● **Problem requirements**
The expected result is a word-for-word copy of the entries, minus any pictures.

──────

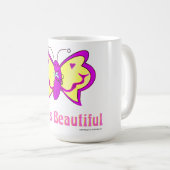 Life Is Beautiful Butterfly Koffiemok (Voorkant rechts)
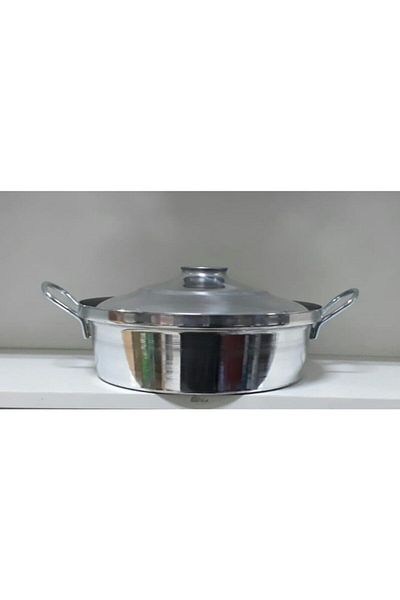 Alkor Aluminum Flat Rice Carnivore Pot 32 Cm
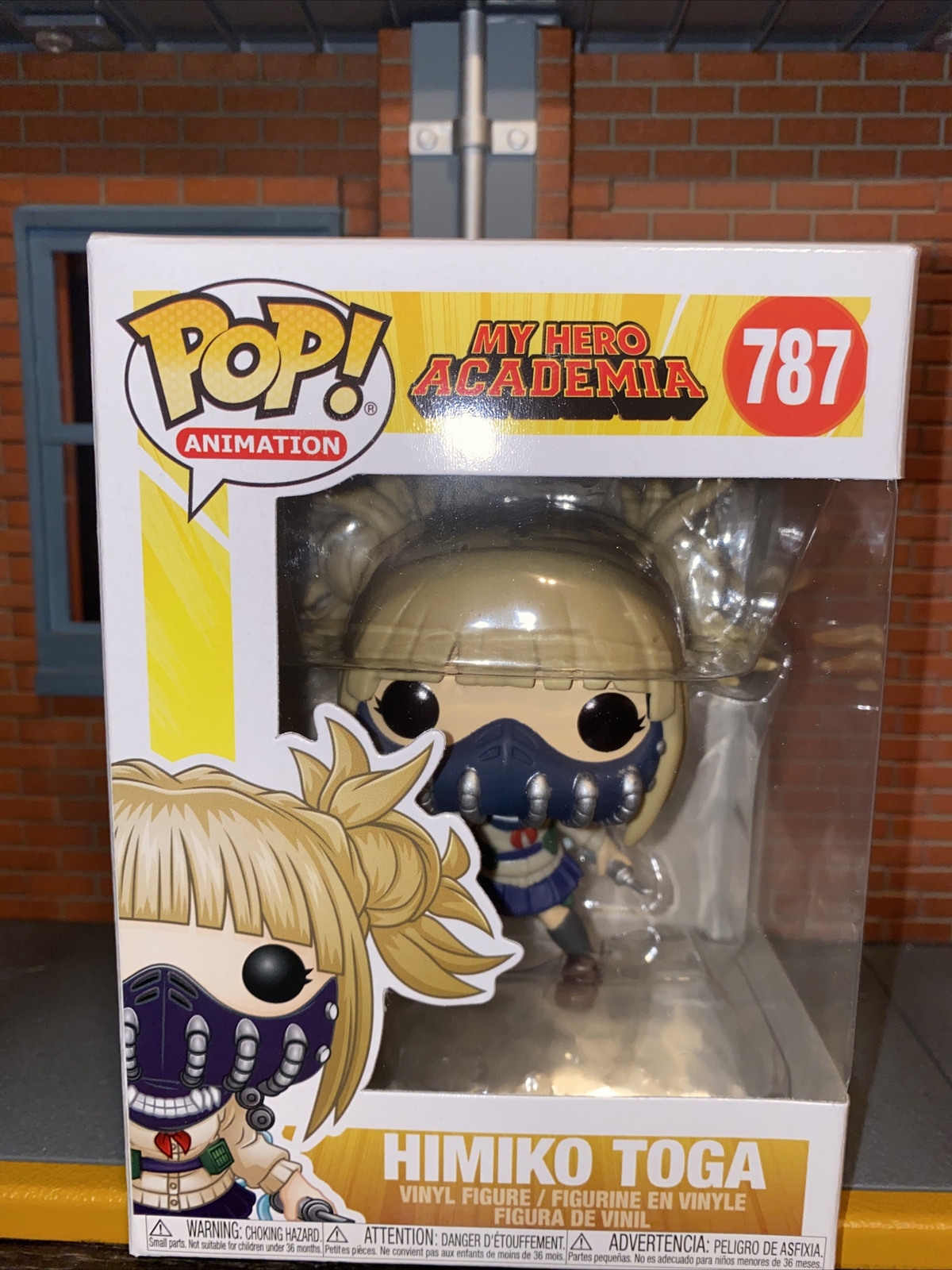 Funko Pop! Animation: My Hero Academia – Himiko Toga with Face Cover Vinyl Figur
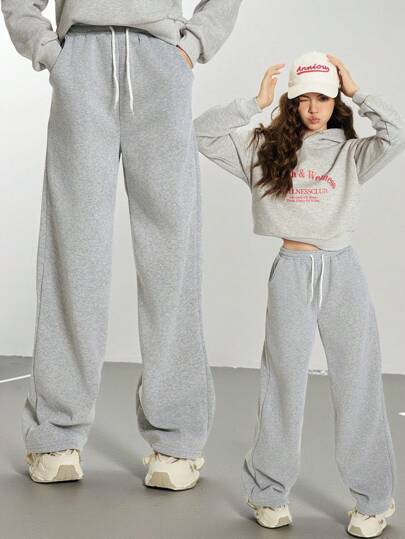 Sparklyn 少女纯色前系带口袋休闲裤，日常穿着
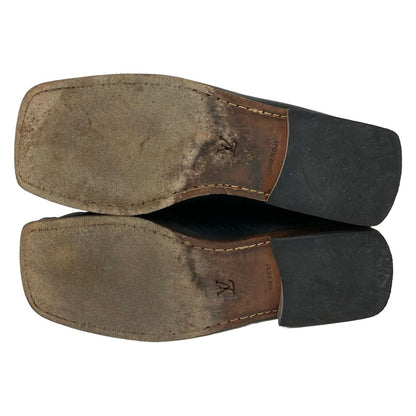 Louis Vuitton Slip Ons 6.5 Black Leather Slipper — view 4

──────

● **Task solution**
 Life Is Beautiful Butterfly Koffiemok (Voorkant rechts)
 Alkor Aluminum Flat Rice Carnivore Pot 32 Cm
 Funko Pop! Animation: My Hero Academia – Himiko Toga with Face Cover Vinyl Figur
 Sparklyn 少女纯色前系带口袋休闲裤，日常穿着
 Louis Vuitton Slip Ons 6.5 Black Leather Slipper — view 4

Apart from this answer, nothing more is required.